Cada um dos povos indígenas presentes, refletiu sobre a identidade de seu povo, suas marcas e pinturas, o que significavam, por que são usadas, seus contextos e situações específicas.
Pensamos também sobre as histórias contadas por gerações de filhos e netos acerca daquela pintura, até chegarem a nossos dias, muitas histórias de superação e de domínio de novos territórios, travessia de rios, de lutas com animais e espíritos da natureza, com fugas impressionantes.
Cada aluno recebeu papel quadriculado, lápis de cor e foi pedido a eles que registrassem o grafismo Kaingáng que mais tivessem gostado, dentre aqueles que a professora Vãngri havia mostrado e desenhado em um papel quadriculado com os diferentes modelos de base dos grafismos.
Muitos desenhos se repetiram por conta do padrão mais simples, e por conta da facilidade de alguns desenhos menos elaborados, porém alguns povos como os Kayapó, Kuikuro, Kaiabi, Bororo e tantos outros que trabalhavam a arte da cestaria, tiveram mais facilidade no trabalho.
Alguns tinham a produção de peneiras, apenas pelos homens, em padrões de desenhos circulares com trabalhos em criciúma ou outro tipo de taquara, em outros povos, tanto homem como mulheres trabalhavam as cestarias.
Estes povos que trabalhavam o trançado, tiveram mais facilidade de desenhar e fazer o trabalho do trançado no tear de prego e, depois, de transferir a arte do papel quadriculado para o tear de prego.
Alguns alunos falaram de histórias sobre o grafismo de seus povos que narravam o nascimento das pinturas corporais, seu surgimento e sobre o significado de seus usos e costumes conforme suas tradições, presentes até hoje em suas culturas.
Falavam de narrativas de lutas espetaculares contra cobras, peixes gigantes, animais encantados e espíritos das águas e da terra, assim como alguns povos narraram que o próprio rio Amazonas é um grande espírito de cobra adormecido, que está protegendo o povo das águas.

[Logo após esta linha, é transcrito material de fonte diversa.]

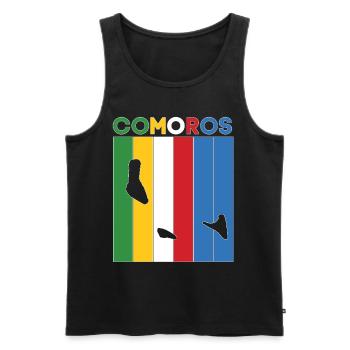 Komoren Landesgrenze und Flagge - Männer Premium Bio Tank Top - Schwarz - Vorne - AI Model Male 178 light (178cm)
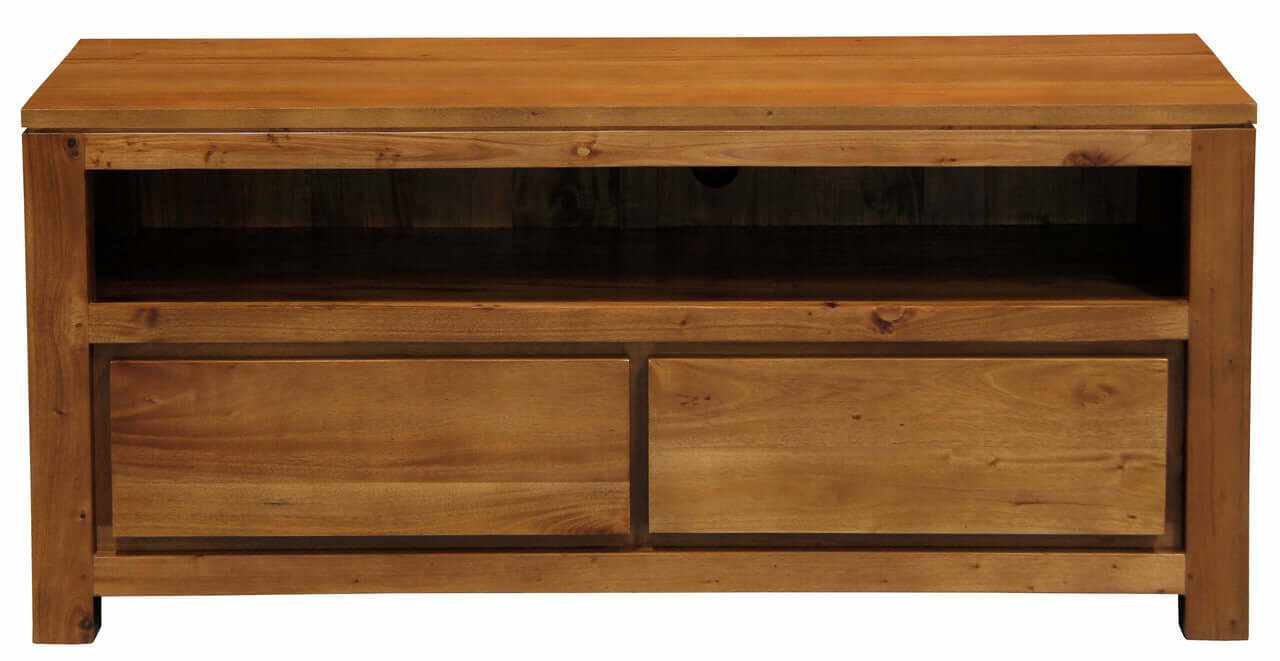 Amsterdam 2 Drawer Natural Wood Entertainment Center - Light Pecan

São diversas narrativas, nas quais povos tão diferentes, de norte a sul do território brasileiro, têm em suas pinturas indígenas próprias, códigos de informação a respeito de diferentes clãs, nos quais, entre eles, pode se permitir o casamento ou não.
São muitas informações, que apenas uma pintura carrega, sobre o conhecimento de um povo durante milênios.
As apresentações se sucederam em dois dias consecutivos para que todos os alunos pudessem apresentar seus trabalhos sobre os grafismos e o significado dos usos dos mesmos, conforme usos, costumes e tradição de seus povos.
Apenas falar não mobiliza tanto quanto ver, sentir e ouvir cada narrativa, que cada aluno compartilhou, com fotos, desenhos e artesanatos, que mostravam a diversidade de culturas, em língua tradicional e em português, ensinando aos professores e colegas saberes sobre seu povo.
Foram momentos maravilhosos de aprendizado, partilha e cultura indígena, expressos por professores e mestres de cultura de diferentes partes do Brasil, ali, unidos naquela grande aldeia, Tekoá Takinahaky.
Canto e dança, música e tradição, memória e palavra, daqueles que detém o conhecimento ancestral de nossa memória e identidade, daquilo que somos!
Mesmo longe de nossas aldeias carregamos uma grande parte dela, e podemos fazer, onde quer que estivermos, nossa cultura viva, por meio de uma canção ou de uma história, de uma pintura na parede na pele ou no papel!!!